Sovereign immunity can be split into three distinct categories:
- Immunity from jurisdiction or suit i.e. from the bringing of proceedings against the state/state-owned entity;
- Immunity from execution i.e. from the enforcement of an award or decision against the assets of the state; and
- Immunity from process i.e. from procedural processes, such as service of court papers.
Each jurisdiction will have separate rules on immunity and the extent to which states (and state-owned enterprises) can benefit from immunity. It will be important for investors to consider the rules both in the jurisdiction of the state/state-owned enterprise (in this case Ethiopia) and also in the jurisdiction(s) in which they may seek to enforce (e.g. the jurisdictions in which offshore project accounts are situated).
Can sovereign immunity be waived and how?
Given that sovereign immunity essentially prevents investors from being able to enforce their rights against their state/state-owned counterparties, an effective waiver of such immunity is essential for both investors and their financiers from a bankability perspective.
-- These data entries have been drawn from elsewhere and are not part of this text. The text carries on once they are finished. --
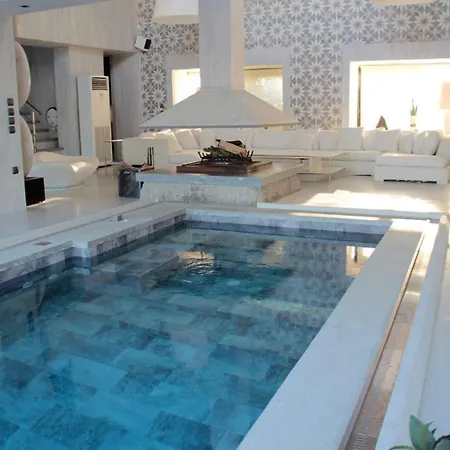 Luxury Christina וילה מקריגיאלוס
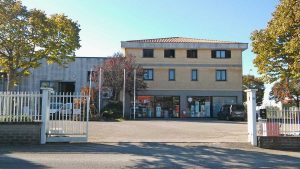 Articoli termoidraulici Srl - La filiale di Viterbo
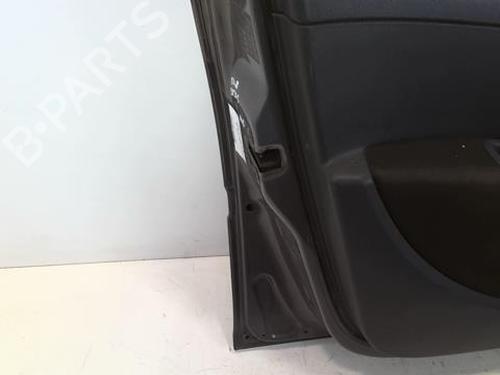 Left front door RENAULT CLIO III (BR0/1, CR0/1) 1.5 dCi (BR17, CR17) | BP22023958C2 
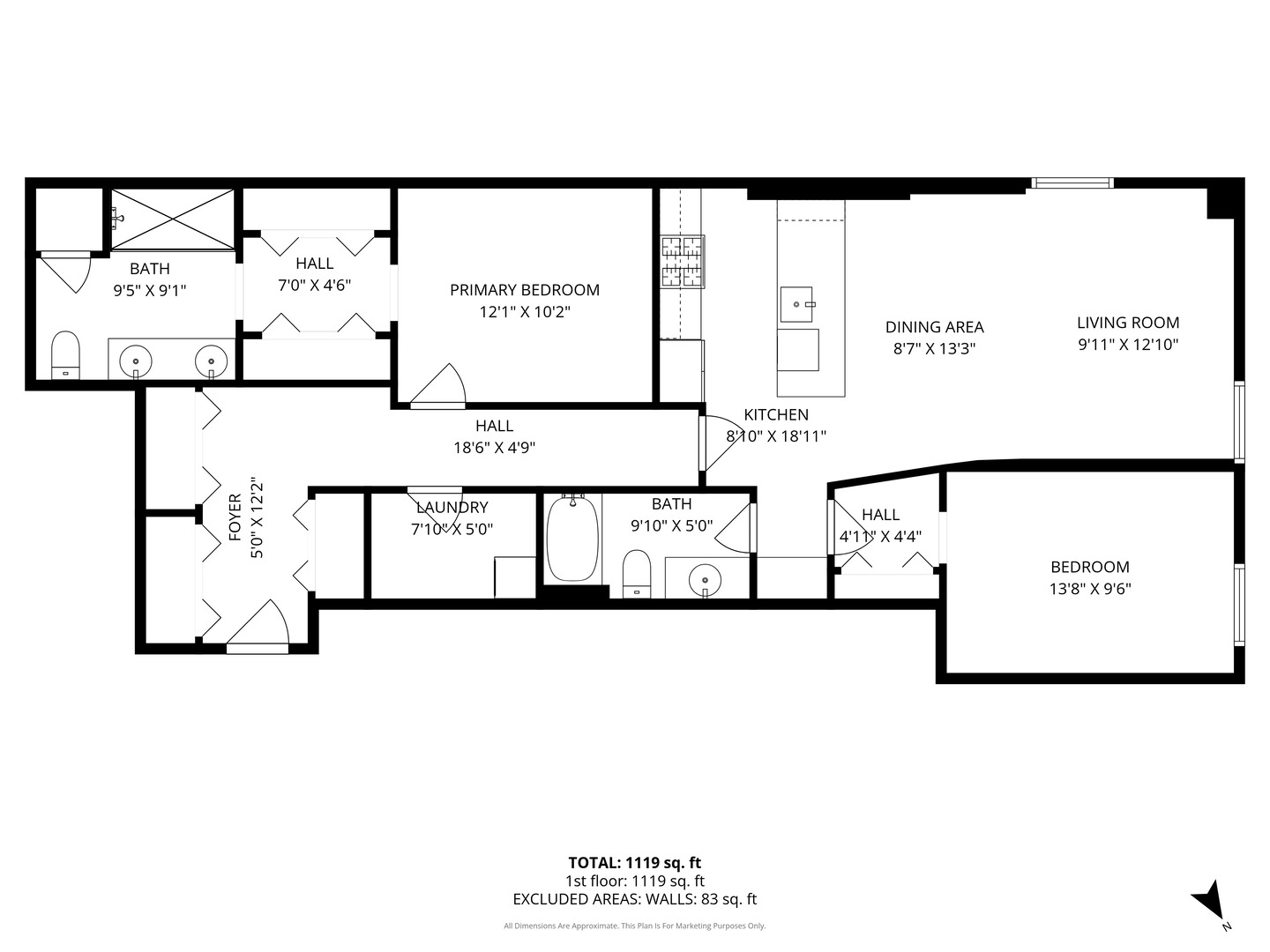 310 S Michigan Avenue Unit: 1609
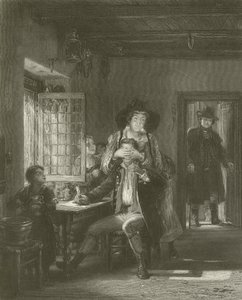 Guess My Name by David Wilkie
But how does this waiver work?
- Typically (including in Ethiopia), where a state has agreed in writing to submit a dispute to the courts or arbitration, that is taken to be a waiver of its immunity from suit. However, this will be dependent upon the immunity rules of the jurisdiction in question. Zimbabwe is a counter example, where an express waiver is required.
- Conversely, submission to arbitration is not generally considered to be a waiver of state immunity from execution. As such, it is recommended that investors seek an express waiver of such rights of immunity in order to ensure that judgments or awards can be enforced against the state’s assets. As a general rule, states will not agree to waive immunity over certain classes of assets e.g. the relevant state’s foreign embassies or consular possessions, and will try to limit the assets available for execution as far as possible. Investors will want to keep this asset class as broad as possible to heighten their chances of recovering the full value of the judgment or award.
Additional factors which will need to be considered include the ability of the state counterparty to waive immunity on behalf of the state and, if that counterparty is a government department, whether it is entitled to bind the whole government or indeed future governments.